Primero lo básico: ¿por qué hay que elegir un “contrato”?
Cuando te casas en Chile, no solo estás diciendo “sí” al amor 💍. También estás aceptando reglas sobre la plata, las deudas y los bienes. A ese conjunto de reglas se le llama régimen o contrato matrimonial. No elegir también es elegir: si no dices nada, la ley decide por ti.
1) Sociedad conyugal: todo en la misma bolsa
- Si uno compra una casa durante el matrimonio, es de los dos.
- Si uno emprende y le va bien, esas ganancias también son parte del “patrimonio común”.
- Al separarse o enviudar, se reparte ese patrimonio.
2) Separación de bienes: cada uno con lo suyo
- Lo que compras tú es tuyo.
- Lo que compra tu pareja es de tu pareja.
- Si compran algo juntos, queda a nombre de ambos según lo que definan.
3) Participación en los gananciales: independencia ahora, equilibrio después
- Cada uno administra lo suyo mientras están casados.

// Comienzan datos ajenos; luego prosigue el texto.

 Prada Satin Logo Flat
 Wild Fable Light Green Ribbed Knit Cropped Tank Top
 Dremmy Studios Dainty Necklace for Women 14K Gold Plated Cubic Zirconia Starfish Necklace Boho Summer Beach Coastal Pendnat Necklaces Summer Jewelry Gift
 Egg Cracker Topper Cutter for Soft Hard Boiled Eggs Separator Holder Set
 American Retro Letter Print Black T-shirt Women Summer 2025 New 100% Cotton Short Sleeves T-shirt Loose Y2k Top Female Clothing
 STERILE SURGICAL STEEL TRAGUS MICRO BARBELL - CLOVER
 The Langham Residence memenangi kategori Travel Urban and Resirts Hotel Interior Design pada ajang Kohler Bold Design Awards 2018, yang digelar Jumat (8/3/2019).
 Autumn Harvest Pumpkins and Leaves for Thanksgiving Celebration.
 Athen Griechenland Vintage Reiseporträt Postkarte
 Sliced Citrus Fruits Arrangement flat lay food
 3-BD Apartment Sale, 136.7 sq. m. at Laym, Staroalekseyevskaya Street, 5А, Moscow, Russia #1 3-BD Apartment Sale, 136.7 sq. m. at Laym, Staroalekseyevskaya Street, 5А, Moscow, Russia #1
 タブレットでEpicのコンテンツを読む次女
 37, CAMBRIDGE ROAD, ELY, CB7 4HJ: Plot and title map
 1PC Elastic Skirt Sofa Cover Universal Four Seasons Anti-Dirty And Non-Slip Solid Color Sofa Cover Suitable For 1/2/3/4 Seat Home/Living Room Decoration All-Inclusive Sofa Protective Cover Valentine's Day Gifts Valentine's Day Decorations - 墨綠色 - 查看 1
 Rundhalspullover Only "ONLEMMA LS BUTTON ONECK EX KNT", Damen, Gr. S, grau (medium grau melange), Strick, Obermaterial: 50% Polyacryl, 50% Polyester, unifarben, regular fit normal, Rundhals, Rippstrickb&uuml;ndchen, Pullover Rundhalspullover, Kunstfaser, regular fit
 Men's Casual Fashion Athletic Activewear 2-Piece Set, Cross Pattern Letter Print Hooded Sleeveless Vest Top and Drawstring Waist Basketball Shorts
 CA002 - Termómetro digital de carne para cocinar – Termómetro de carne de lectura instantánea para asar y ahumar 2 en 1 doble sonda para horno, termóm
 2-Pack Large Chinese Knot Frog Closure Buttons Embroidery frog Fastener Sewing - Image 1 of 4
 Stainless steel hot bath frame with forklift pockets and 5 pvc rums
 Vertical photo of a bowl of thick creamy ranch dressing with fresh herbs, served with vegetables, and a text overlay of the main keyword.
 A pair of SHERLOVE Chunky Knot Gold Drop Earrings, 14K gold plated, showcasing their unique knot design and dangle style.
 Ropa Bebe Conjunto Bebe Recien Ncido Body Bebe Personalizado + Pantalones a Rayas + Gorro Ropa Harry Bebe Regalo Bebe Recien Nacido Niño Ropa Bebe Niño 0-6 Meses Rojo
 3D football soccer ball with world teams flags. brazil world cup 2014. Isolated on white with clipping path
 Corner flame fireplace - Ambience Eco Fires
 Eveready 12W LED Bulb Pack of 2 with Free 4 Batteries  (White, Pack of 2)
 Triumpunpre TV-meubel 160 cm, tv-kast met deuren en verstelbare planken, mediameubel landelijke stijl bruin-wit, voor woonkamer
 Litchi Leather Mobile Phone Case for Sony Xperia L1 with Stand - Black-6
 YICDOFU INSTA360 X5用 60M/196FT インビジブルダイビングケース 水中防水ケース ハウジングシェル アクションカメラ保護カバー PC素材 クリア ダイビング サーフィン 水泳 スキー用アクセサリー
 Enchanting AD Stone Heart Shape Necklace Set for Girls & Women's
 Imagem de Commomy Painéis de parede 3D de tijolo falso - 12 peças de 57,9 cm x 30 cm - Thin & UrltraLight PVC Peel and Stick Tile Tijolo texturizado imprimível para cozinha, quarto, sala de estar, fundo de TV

- Al final, se calcula quién ganó más y se equilibra.
¿Cuándo se elige el régimen?
- Antes del matrimonio (lo más común).
- El mismo día del matrimonio en el Registro Civil.
- Después de casados, pero requiere trámites legales.
¿Se puede cambiar después?
Sí, pero no es llegar y cambiar. Se necesita escritura pública y hacer el trámite formal. Por eso conviene conversarlo antes, con calma y sin presión.
¿Y si no queremos casarnos? (cada vez más común)
Muchas parejas hoy optan por el Acuerdo de Unión Civil (AUC), que regula la relación sin matrimonio. Tiene reglas distintas y suele ser percibido como más flexible.